** Problem **
Repeat each line of the material below exactly as it appears, minus any pictures.

** Record set **
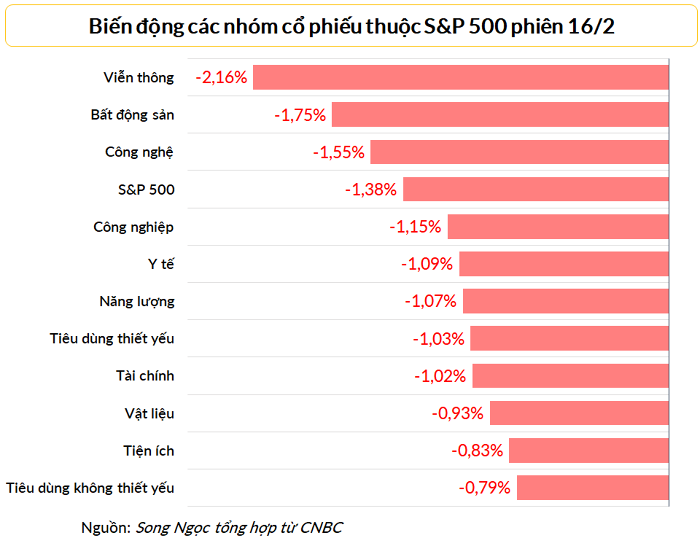 Dow Jones rớt 431 điểm sau báo cáo lạm phát đáng ngại, quan chức Fed ủng hộ tăng lãi suất 50 bps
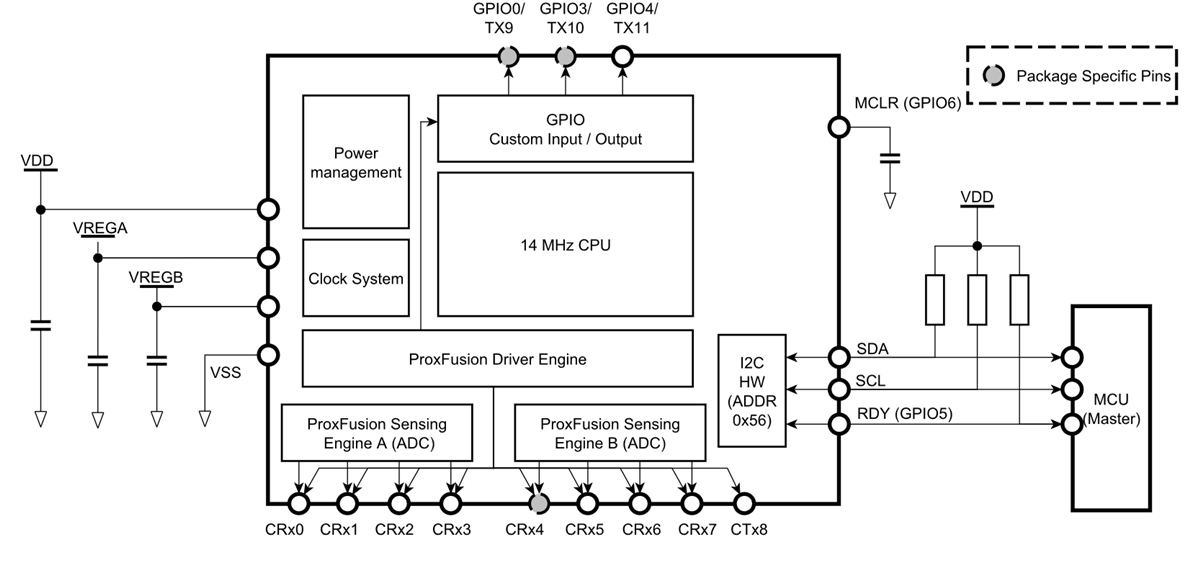 Block Diagram - Azoteq IQS7211A Capacitive Touch & Proximity Controller Block Diagram - Azoteq IQS7211A Capacitive Touch & Proximity Controller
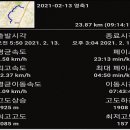 영축지맥1: 영축산~에덴밸리(용선고개)...영남알프스가 시원하였다. 이미지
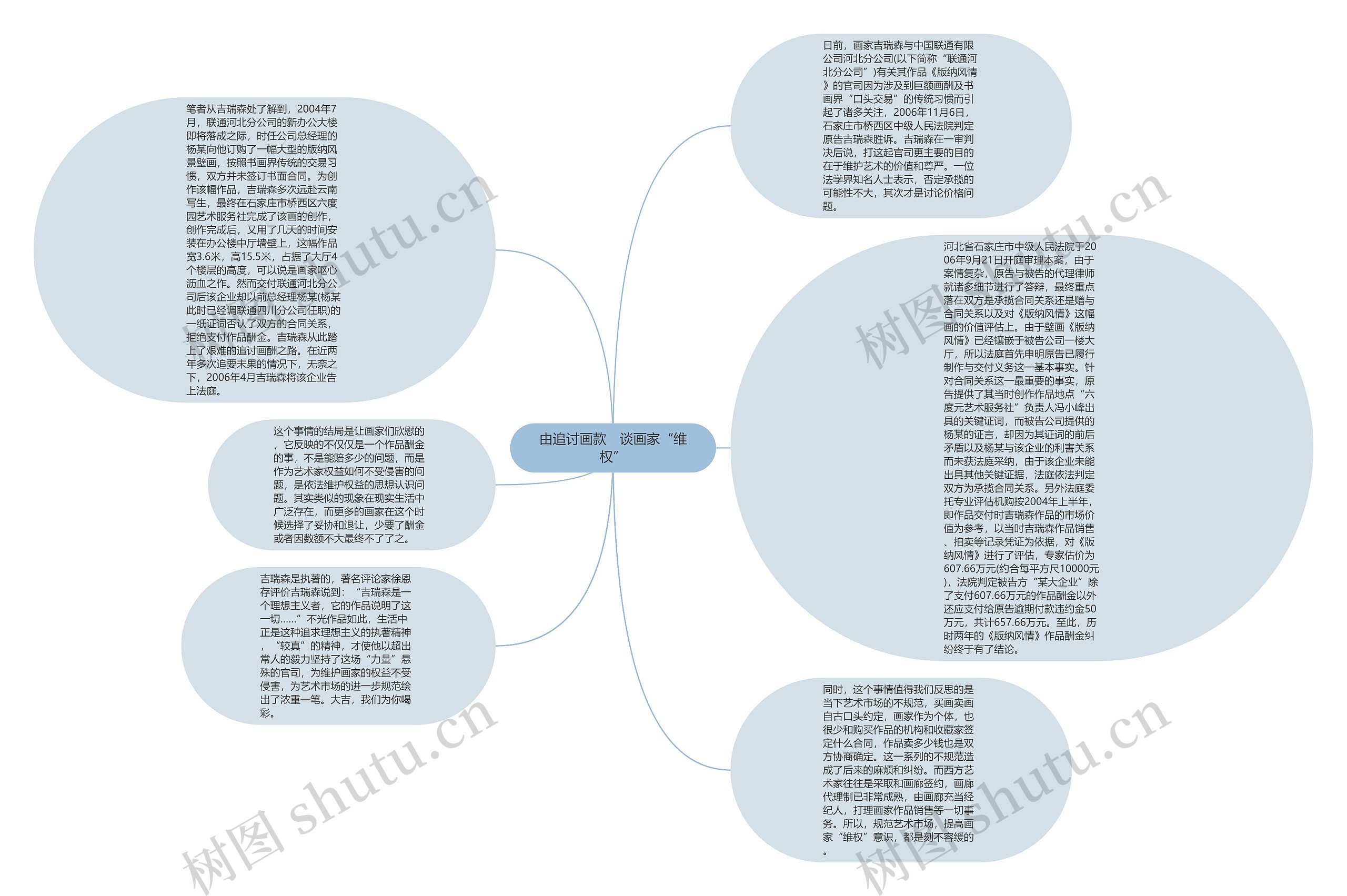 由追讨画款　谈画家“维权”思维导图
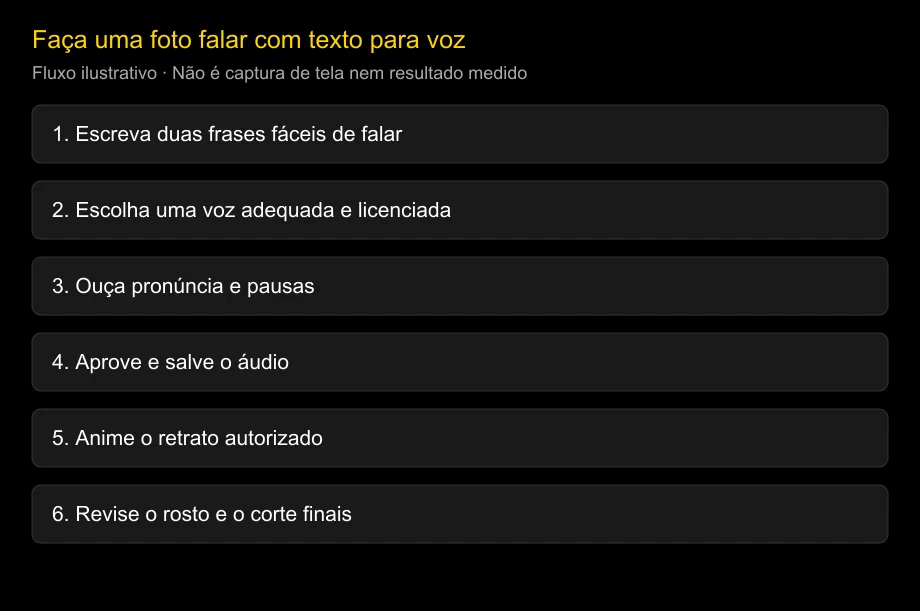 Faça uma foto falar com texto para voz: sem microfone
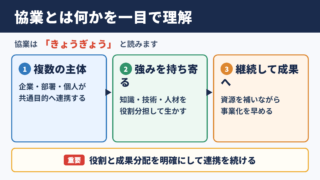 協業の意味と読み方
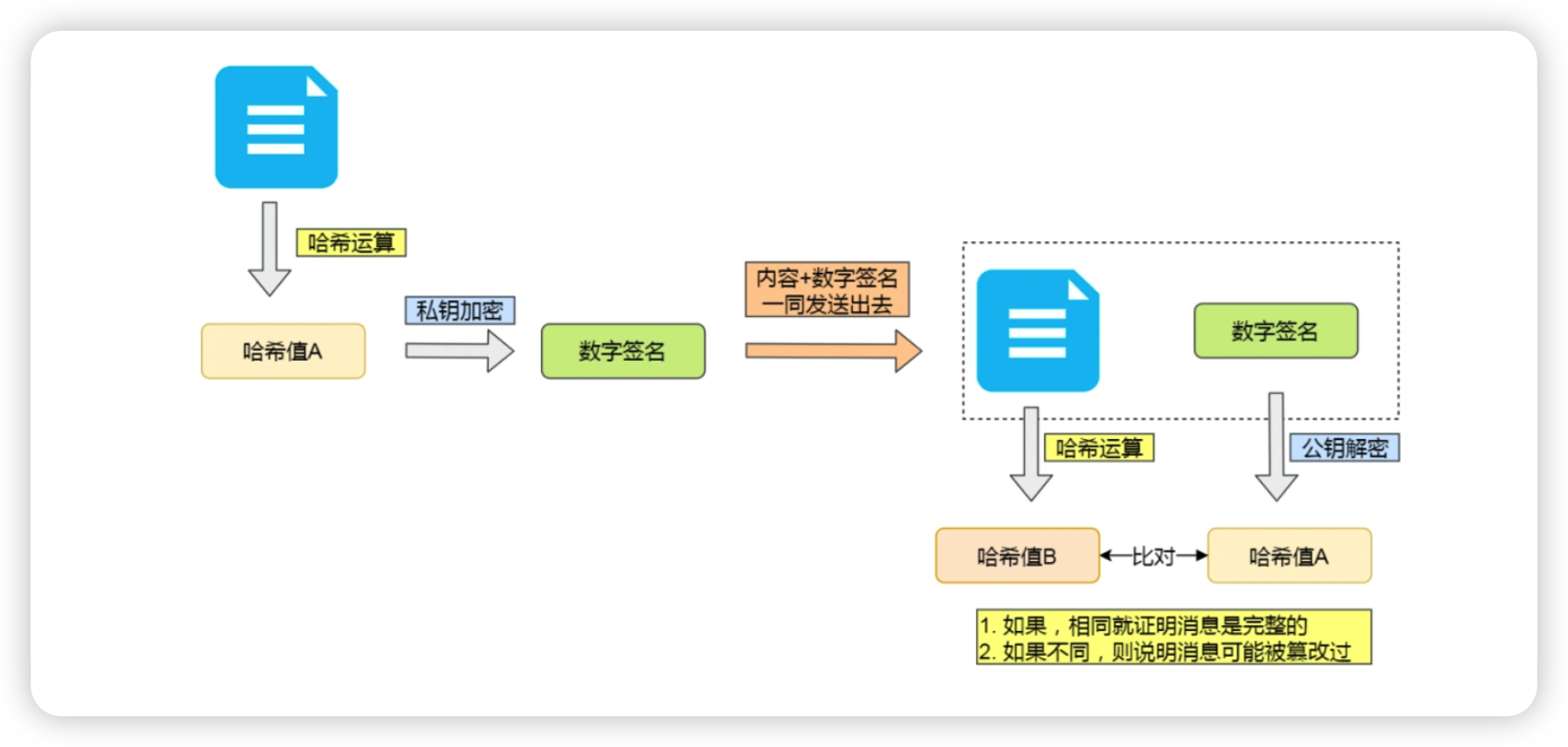 非对称加密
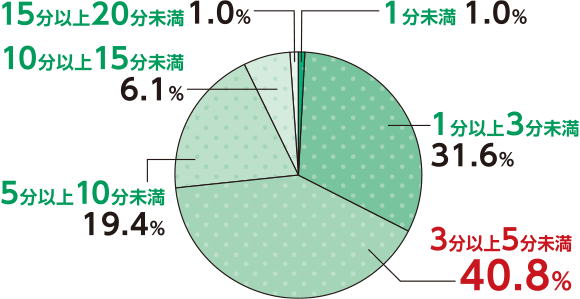 1分未満1.0%　1分以上3分未満31.6%　3分以上5分未満40.8%　5分以上10分未満19.4%　10分以上15分未満6.1%　15分以上20分未満1.0%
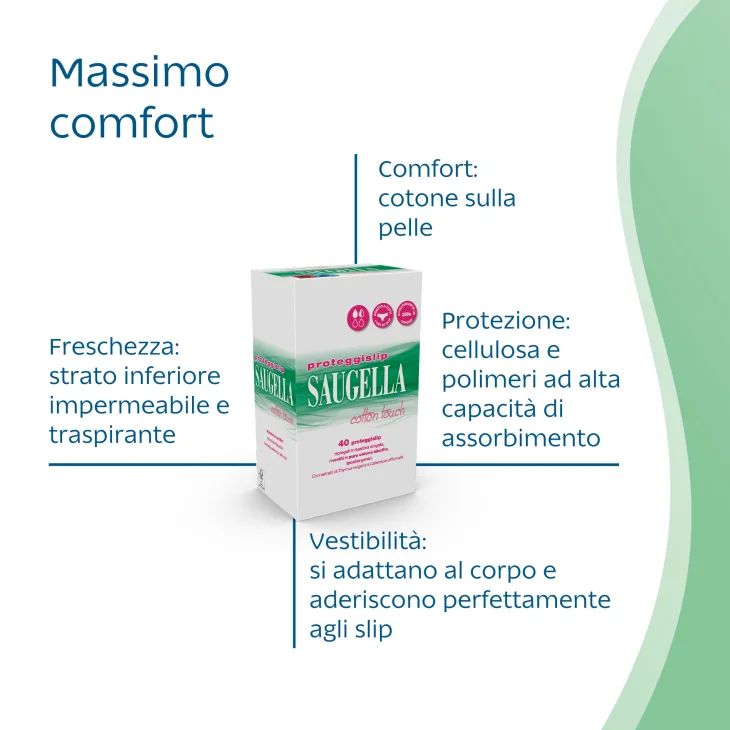 Saugella Cotton Touch Proteggislip 40 pezzi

** Task result **
 Dow Jones rớt 431 điểm sau báo cáo lạm phát đáng ngại, quan chức Fed ủng hộ tăng lãi suất 50 bps
 Block Diagram - Azoteq IQS7211A Capacitive Touch & Proximity Controller Block Diagram - Azoteq IQS7211A Capacitive Touch & Proximity Controller
 영축지맥1: 영축산~에덴밸리(용선고개)...영남알프스가 시원하였다. 이미지
 由追讨画款　谈画家“维权”思维导图
 Faça uma foto falar com texto para voz: sem microfone
 協業の意味と読み方
 非对称加密
 1分未満1.0%　1分以上3分未満31.6%　3分以上5分未満40.8%　5分以上10分未満19.4%　10分以上15分未満6.1%　15分以上20分未満1.0%
 Saugella Cotton Touch Proteggislip 40 pezzi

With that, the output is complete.